Pseudomosaicism Trisomy 15 in Amniocytes: Concern about the Possibility of Uniparental Disomy in the Fetus Pseudomosaicism Abstract
Maria J. Mascari, Peter K. Rogan, Lee S. Gannutz, Michael P. McCurdy, Calvin D. Croft, Tammy R. Lichty and Roger L. Ladda.
Journal of Genetic Counseling 1(4):328-329, 1992.

The presence of chromosomally abnormal cells in a single culture of amniocytes with only normal cells in all other cultures is consdiered to represent pseudomosaicism since the fetus is usually found to have a normal karyotype. We have recently shown that advanced maternal age is associated with maternal uniparental disomy (UPD) of chromosome 15 in Praeder-Willi syndrome (PWS) and proposed that UPD arises from a trisomy 15 zygote that subsequently loses the paternal chromosome. Based on our concern about the origin of UPD in PWS (and likewise, in Angelman syndrome; AS), we carried out cytogenetic and molecular studies on a prenatal case involving pseudomosaicism for Trisomy 15. We were able to distinguish between UPD and normal biparental inheritance, thus addressing the potential concern regarding the risk of a fetus with PWS or AS.

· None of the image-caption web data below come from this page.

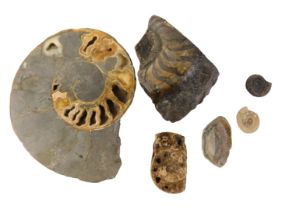 A group of fossils, comprising large ammonite, 23cm wide, and various part ammonite, the smallest 5c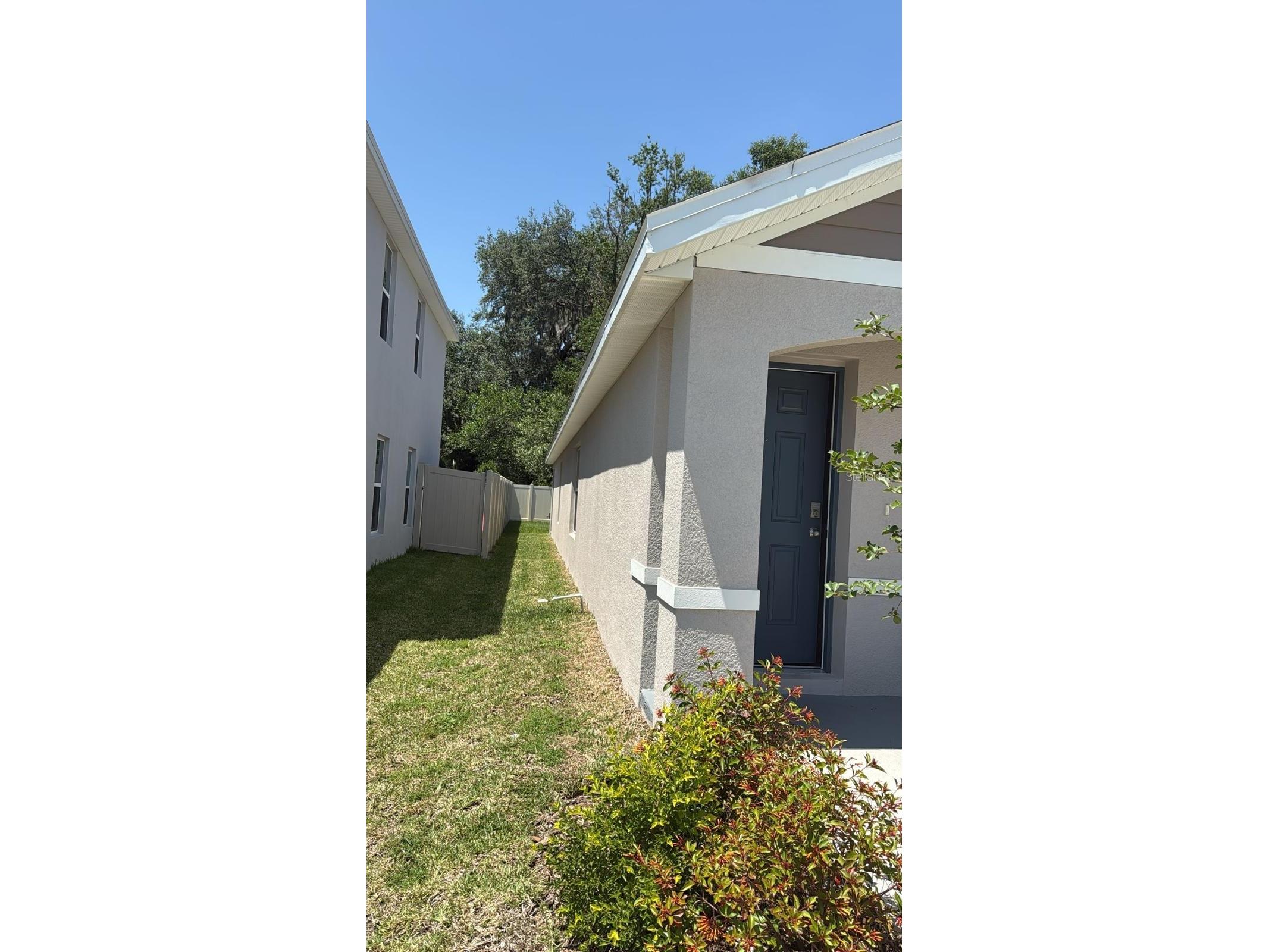 37373 Sharks Eye Lane Zephyrhills FL 33541 TB8517324 image6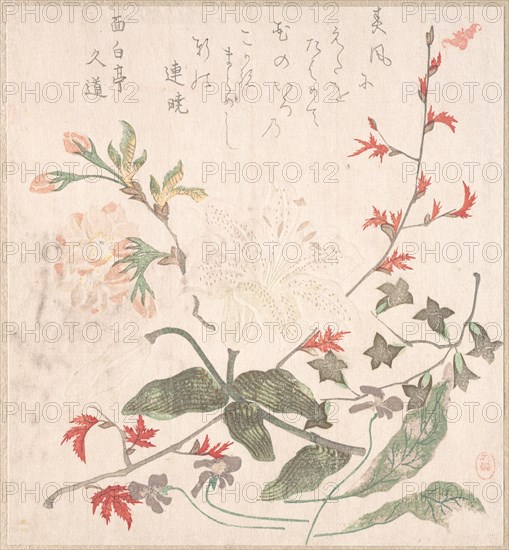 Lily, Violets, Cherry Blossoms, Forsythia, and a Branch of Red Maple, 18th-19th century.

A 34 year-old G5 P2022 female and her husband were referred for consideration of amniocentesis. Following counseling, the couple elected to pursue maternal serum a-fetoprotein screening at 16 weeks gestation. A 0.66 adjusted MOM was obtained, which increased her age-related risk of carrying a child with Down syndrome from 1 in 417 to 1 in 290. The couple remained concerned about the pregnancy, and pursued amniocentesis at 17 weeks gestation. Chromosomal analysis of 2 coverslips revealed a normal female kareotype, 46,XX. Four flasks were subsequently harvested, of which 3 showed only normal cells (53 metaphase spreads analyzed). In the remaining flask, however, two of the twenty-five metaphases counted had a karyotype of 47, XX+15.

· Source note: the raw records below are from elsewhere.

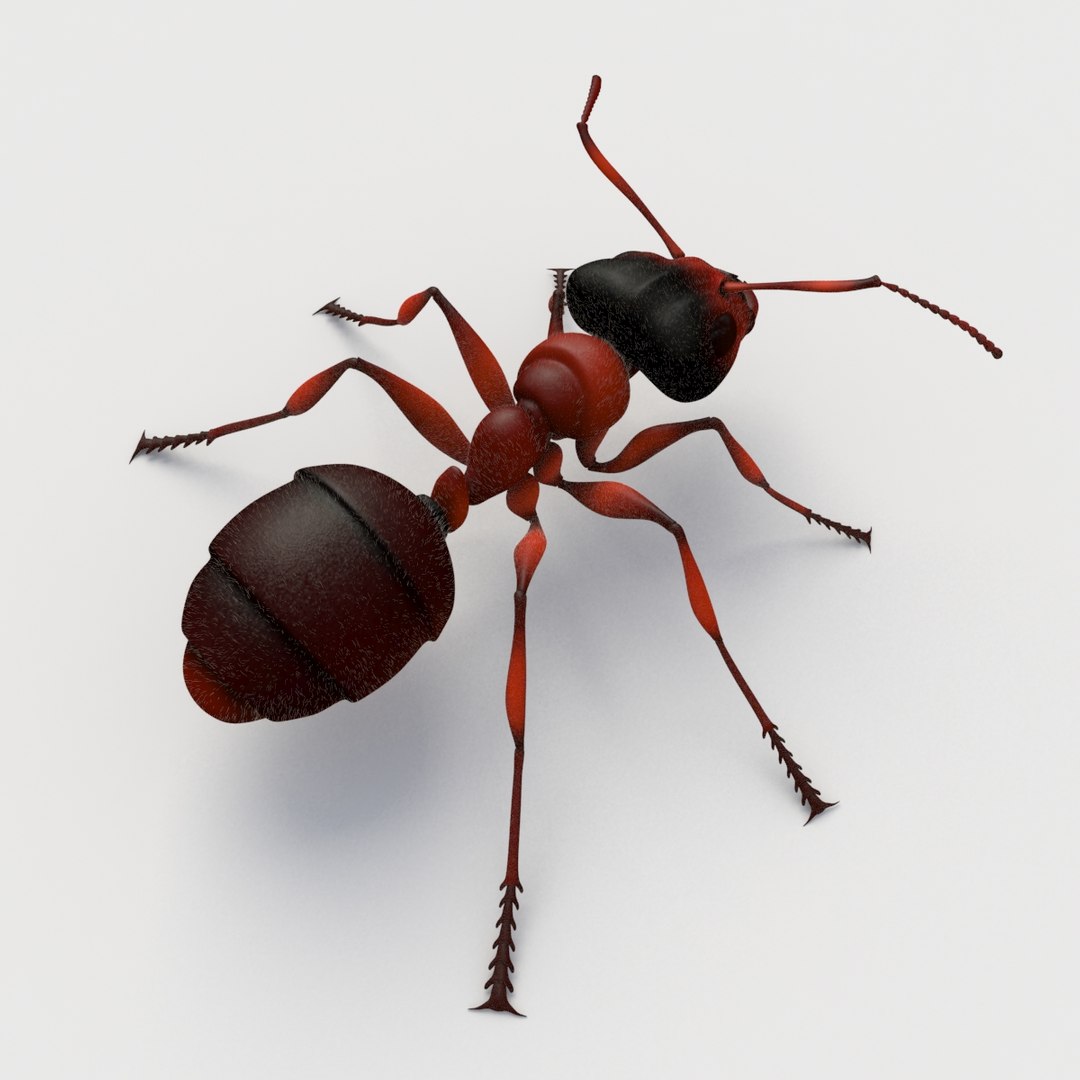 3d model ant rigged https://p.turbosquid.com/ts-thumb/zP/6GagkX/SqDPJGuy/mantis_thumb06/jpg/1484080263/1920x1080/fit_q87/3140f320256da73e39529c3a638821f7f3ccfce4/mantis_thumb06.jpg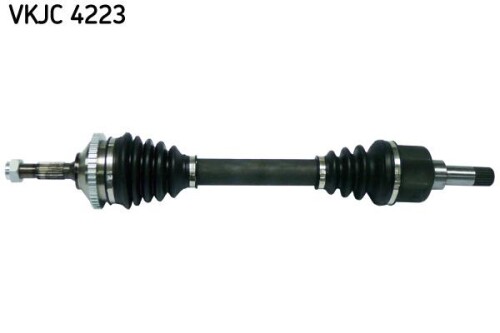 SKF-VKJC4223.jpg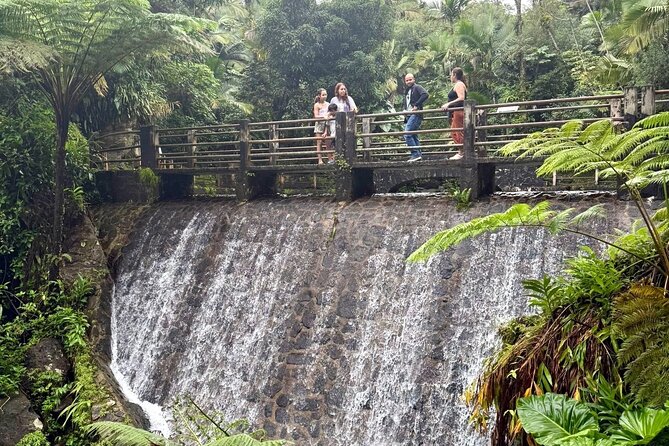 Discover El Yunque National Park: Half-Day Rainforest Tour - Who will get the most from this tour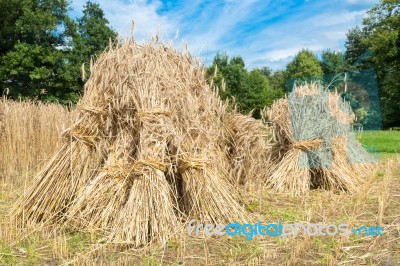 Sheaves Of Rye Standing At Rye Field Stock Photo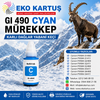 Canon PIXMA G2410 MUADİL GI-490 MÜREKEP SET 4 RENK (GI490)
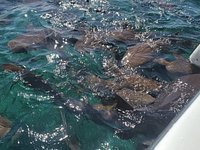 Hol Chan Marine Reserve tackles irregular fishing activities; adds more  patrols around island waters - The San Pedro Sun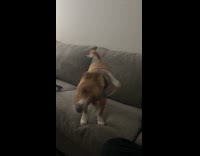 Dog humps blanket on couch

Parental blood samples were obtained at 19 weeks gestation for cytogenetic analysis. The chromosome 15 heteromorphisms were not distinctive enough to permit differentiation of the maternal and paternal chromosomes. Therefore, molecular studies were initiated at 20 weeks gestation. Four highly informative, polymorphic genetic loci were studied in order to distinguish between biparental and disomic inheritance. Both maternal and paternal alleles were inherited for 2 of these markers, D15S86 and c-fes; the remaining markers were uninformative. The family was notified of these results at approximately 23 weeks gestation.

Uniparental disomy is no longer a rare curiosity, having now been reported for at least 10 of the human chromosomes. Our case report illustrates the practical concern which arises when mosaicism is observed for a chromosome known or suspected to contain gene(s) whose expression is modified by genomic imprinting. Furthermore, this case raises both ethical and legal considerations once investigational studies begin to impact on the provision of prenatal care.